I’m on week 2 C1_W2 assignment, which is building my first DCGAN.
so i need clarity on few things please.

  1. I need more light on why we had to use deconvolution(nn.ConvTranspose2d) for the generator and nn.Conv2d for the discriminator.

  2. I would like to know why 0.5 was passed into the normalization method. what effect would it have on the result if other values were used.

  3. the weight_init function created got me lost. why do we use it?
    those values came from where. I will so much be glad if anyone can break this down for me.
    image

This was covered in the lectures, wasn’t it? The fundamental point is that the generator needs to expand the dimensions of the data. In most cases, we start from a one dimensional “noise” vector of some size and we want the generator to produce a much larger object like an image. A transpose convolution is the “inverse” of a convolution: the generates a larger output if properly configured.

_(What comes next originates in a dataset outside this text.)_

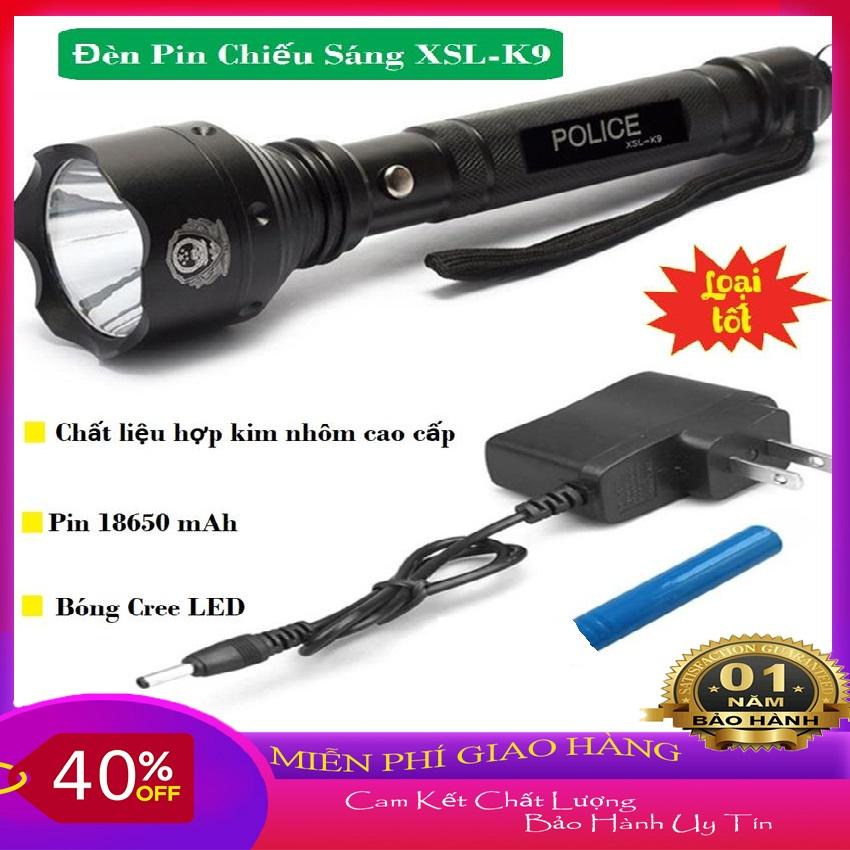 Đèn Pin Chiếu Sáng XSL-K9 - Đèn Led Chiếu Sáng Tốt, Độ Bền Cao, Dung Lượng Pin Sạc Lớn 1850 mAh, Nhỏ Gọn Tiện Lợi - Đèn pin cầm tay, đèn led, đèn pin siêu sáng - BH Uy Tín - BAMBOO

So the usual technique is to cascade a number of transpose convolutions to create the output, frequently with other layers like activations included.

For the discriminator on the other hand, we are building a binary classifier: it takes a large object like an image and turns that into a single bit “fake/not fake” classification output. A normal convolution reduces the dimension of input to output if properly configured. We cascade a number of convnet layers with activation together and then train them to produce the desired “yes/no” output. We see convnets of that style used as classifiers all the time, e.g. in DLS Course 4.

In neural networks of any kind, we need to initialize the weights randomly in order to implement “symmetry breaking”. If you start with the weights the same, then when you run the training all the neurons will learn the same thing, which is not useful. That initialization routine is a pretty standard one that uses a normal distribution with \mu = 0 and \sigma a small value.

Well, you are welcome to try different values and see how it affects the results. Here’s the docpage for the torchvision.normalize function. I confess that the comment there does not map to my understanding the actual code that they gave you there. Having \mu = 0.5 and \sigma = 0.5 will not result in only values between -1 and 1 at least according to my understanding.

2 Likes

Thank You so much that was helpful.

I dug into the pytorch normalize function to understand how the code comment relates to the parameters passed in:

In the documentation, it says that the transform normalizes each channel using this function:

output[channel] = (input[channel] - mean[channel]) / std[channel]

So, the parameters are not actual mean and std values, but are adjustments to make to the input data to affect those values.

In particular, in the assignment, the input MNIST dataset has values ranging from 0.0 to 1.0, so:

  • a “mean” parameter of 0.5, (input[channel] - mean[channel]) will give us values ranging from -0.5 to 0.5, shifting the mean to the left by 0.5.
  • then, taking that value / std[channel] for “std” parameter 0.5, we stretch out the original std to get values ranging from -1.0 to 1.0

This is why the comments talk about normalizing the input values to fit the range -1.0 to 1.0

Thanks, Wendy! That makes total sense now. I was just thinking about “normal” distributions in general and hadn’t taken the step of going back and looking at the notebook to remind myself of what the inputs actually look like here.